→ **The problem**
Starting with the line that contains "Muslin Fabric" and stopping after the line that contains "Mantequera annie 19x12,5 cm", return each line below exactly as written, with no others.
=== Section Start ===
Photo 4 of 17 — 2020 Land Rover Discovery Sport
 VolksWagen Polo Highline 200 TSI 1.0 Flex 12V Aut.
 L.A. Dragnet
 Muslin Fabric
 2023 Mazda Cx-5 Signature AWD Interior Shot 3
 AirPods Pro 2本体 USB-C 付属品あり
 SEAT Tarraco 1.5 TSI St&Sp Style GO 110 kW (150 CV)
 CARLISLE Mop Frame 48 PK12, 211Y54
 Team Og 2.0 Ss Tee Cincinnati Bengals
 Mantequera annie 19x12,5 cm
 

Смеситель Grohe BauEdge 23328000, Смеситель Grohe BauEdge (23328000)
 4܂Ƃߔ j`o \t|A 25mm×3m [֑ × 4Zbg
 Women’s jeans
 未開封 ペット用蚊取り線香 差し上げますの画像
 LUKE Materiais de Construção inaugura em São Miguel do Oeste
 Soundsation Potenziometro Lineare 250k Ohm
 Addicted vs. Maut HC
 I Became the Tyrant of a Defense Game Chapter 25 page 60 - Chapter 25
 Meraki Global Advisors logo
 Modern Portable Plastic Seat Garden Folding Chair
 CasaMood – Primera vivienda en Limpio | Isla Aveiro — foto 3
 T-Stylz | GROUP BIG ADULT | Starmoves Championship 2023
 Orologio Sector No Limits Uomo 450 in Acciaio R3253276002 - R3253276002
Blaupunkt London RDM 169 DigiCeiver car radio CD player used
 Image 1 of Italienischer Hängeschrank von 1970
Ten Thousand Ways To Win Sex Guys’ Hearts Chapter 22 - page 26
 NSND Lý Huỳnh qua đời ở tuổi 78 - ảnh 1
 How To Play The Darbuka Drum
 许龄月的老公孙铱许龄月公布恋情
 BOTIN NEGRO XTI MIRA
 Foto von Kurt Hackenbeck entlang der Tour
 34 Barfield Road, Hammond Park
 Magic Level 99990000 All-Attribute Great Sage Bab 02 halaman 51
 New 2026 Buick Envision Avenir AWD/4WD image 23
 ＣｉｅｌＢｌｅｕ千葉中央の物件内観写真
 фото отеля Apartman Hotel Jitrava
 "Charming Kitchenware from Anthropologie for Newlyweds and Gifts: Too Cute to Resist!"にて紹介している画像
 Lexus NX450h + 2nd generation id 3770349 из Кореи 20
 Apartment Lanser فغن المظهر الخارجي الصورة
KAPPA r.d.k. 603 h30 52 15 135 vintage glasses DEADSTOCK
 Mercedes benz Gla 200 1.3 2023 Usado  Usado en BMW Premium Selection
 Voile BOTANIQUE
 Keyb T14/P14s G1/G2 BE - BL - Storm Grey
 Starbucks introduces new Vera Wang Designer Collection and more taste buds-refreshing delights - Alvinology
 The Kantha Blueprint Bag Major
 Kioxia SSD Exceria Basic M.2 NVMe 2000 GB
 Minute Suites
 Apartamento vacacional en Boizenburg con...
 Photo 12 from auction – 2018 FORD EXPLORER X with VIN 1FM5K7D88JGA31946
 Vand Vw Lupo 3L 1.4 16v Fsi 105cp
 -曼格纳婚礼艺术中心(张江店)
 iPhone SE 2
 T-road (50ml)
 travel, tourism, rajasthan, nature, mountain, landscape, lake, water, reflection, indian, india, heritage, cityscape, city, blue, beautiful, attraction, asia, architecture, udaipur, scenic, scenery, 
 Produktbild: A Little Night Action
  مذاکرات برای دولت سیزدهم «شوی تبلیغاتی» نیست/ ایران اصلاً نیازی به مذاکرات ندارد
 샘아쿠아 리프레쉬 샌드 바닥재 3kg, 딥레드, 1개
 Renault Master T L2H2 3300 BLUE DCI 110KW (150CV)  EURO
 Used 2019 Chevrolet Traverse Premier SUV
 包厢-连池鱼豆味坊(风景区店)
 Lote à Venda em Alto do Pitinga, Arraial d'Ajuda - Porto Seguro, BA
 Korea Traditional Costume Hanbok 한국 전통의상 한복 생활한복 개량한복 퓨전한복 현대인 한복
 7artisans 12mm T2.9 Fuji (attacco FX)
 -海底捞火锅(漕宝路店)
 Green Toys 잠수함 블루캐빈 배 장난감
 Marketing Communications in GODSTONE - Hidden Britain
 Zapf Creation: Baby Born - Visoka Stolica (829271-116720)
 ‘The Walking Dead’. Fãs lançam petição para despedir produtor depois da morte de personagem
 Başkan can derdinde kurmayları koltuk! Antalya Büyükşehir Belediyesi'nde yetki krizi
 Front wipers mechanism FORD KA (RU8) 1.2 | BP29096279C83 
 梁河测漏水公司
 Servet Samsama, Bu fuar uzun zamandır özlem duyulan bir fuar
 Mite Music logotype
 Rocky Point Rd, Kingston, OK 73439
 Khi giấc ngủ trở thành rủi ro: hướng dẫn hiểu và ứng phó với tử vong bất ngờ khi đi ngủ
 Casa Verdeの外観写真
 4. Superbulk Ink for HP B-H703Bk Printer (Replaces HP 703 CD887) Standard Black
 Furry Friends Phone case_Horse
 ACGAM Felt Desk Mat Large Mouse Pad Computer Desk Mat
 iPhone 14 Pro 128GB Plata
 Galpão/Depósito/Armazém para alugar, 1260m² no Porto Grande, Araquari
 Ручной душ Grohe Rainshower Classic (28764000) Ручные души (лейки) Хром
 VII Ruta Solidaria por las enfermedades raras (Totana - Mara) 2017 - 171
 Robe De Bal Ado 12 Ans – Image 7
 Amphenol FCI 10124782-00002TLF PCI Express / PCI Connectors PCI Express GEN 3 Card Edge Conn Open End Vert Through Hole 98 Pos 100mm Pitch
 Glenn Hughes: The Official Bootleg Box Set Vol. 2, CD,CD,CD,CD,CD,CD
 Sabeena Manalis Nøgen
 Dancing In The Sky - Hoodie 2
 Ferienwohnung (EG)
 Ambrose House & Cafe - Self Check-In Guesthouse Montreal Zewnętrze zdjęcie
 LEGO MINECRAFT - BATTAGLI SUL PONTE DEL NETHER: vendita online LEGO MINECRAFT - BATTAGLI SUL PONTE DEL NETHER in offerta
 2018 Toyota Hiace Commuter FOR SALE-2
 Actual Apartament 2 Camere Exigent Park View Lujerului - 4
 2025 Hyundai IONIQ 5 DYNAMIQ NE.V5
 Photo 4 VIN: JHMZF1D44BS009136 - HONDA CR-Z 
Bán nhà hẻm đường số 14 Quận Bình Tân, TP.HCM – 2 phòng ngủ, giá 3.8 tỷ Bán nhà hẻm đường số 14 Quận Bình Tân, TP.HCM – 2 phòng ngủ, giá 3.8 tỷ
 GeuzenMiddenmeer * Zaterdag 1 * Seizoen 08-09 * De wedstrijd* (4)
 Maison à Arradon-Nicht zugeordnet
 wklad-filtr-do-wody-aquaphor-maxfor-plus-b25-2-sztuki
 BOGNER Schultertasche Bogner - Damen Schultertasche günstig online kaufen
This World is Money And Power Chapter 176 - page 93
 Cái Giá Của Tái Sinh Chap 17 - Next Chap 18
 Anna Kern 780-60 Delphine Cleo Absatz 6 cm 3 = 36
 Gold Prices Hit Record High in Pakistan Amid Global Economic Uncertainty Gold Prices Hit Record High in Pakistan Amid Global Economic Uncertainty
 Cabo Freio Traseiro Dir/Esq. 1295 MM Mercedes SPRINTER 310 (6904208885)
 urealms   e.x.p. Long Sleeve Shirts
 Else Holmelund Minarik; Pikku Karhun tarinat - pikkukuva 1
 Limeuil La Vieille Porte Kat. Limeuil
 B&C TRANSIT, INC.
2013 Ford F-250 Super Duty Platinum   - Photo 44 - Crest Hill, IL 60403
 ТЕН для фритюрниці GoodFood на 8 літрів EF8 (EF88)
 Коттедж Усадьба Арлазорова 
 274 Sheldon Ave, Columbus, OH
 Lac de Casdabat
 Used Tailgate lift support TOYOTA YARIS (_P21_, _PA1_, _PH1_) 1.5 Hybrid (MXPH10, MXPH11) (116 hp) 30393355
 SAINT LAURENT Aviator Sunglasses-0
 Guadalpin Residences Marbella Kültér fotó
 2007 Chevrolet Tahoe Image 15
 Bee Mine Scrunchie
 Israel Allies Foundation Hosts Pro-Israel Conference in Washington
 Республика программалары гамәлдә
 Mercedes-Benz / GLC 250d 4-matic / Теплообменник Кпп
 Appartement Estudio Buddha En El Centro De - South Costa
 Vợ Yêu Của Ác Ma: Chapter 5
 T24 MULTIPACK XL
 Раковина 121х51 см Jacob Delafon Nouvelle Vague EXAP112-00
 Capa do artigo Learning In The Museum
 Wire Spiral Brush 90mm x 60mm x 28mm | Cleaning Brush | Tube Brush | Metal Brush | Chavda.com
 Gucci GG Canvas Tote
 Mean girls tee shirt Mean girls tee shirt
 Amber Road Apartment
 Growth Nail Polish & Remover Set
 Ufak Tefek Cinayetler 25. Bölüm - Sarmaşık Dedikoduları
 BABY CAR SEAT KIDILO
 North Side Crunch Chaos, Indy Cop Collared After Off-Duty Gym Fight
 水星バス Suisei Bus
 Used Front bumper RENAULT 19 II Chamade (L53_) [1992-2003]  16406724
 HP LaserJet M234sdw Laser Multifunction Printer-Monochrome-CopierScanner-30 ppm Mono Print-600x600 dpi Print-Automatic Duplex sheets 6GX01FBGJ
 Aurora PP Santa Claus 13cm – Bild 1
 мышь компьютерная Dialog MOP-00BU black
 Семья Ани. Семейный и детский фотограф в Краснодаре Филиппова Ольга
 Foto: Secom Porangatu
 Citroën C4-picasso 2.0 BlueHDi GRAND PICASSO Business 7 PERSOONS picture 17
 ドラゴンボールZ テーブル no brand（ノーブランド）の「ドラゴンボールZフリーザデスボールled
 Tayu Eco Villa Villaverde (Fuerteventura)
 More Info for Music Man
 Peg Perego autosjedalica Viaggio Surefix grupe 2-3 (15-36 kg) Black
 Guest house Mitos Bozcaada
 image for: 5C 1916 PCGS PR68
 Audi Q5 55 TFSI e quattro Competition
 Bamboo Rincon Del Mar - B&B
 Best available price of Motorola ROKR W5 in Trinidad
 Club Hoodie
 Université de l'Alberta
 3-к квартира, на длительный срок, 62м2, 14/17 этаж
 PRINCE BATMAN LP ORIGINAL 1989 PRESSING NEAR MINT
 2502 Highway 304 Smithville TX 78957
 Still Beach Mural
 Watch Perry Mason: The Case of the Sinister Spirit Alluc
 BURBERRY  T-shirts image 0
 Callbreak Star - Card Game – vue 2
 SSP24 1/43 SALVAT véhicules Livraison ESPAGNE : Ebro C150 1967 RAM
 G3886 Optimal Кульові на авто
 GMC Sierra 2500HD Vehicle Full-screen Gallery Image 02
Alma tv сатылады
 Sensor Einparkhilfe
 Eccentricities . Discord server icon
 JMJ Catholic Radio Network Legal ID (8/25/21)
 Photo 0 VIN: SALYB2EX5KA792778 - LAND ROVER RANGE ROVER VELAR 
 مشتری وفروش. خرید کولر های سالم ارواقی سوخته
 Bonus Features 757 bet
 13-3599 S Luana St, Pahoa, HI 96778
=== Section End ===
→ **Solution to this exercise**
 Muslin Fabric
 2023 Mazda Cx-5 Signature AWD Interior Shot 3
 AirPods Pro 2本体 USB-C 付属品あり
 SEAT Tarraco 1.5 TSI St&Sp Style GO 110 kW (150 CV)
 CARLISLE Mop Frame 48 PK12, 211Y54
 Team Og 2.0 Ss Tee Cincinnati Bengals
 Mantequera annie 19x12,5 cm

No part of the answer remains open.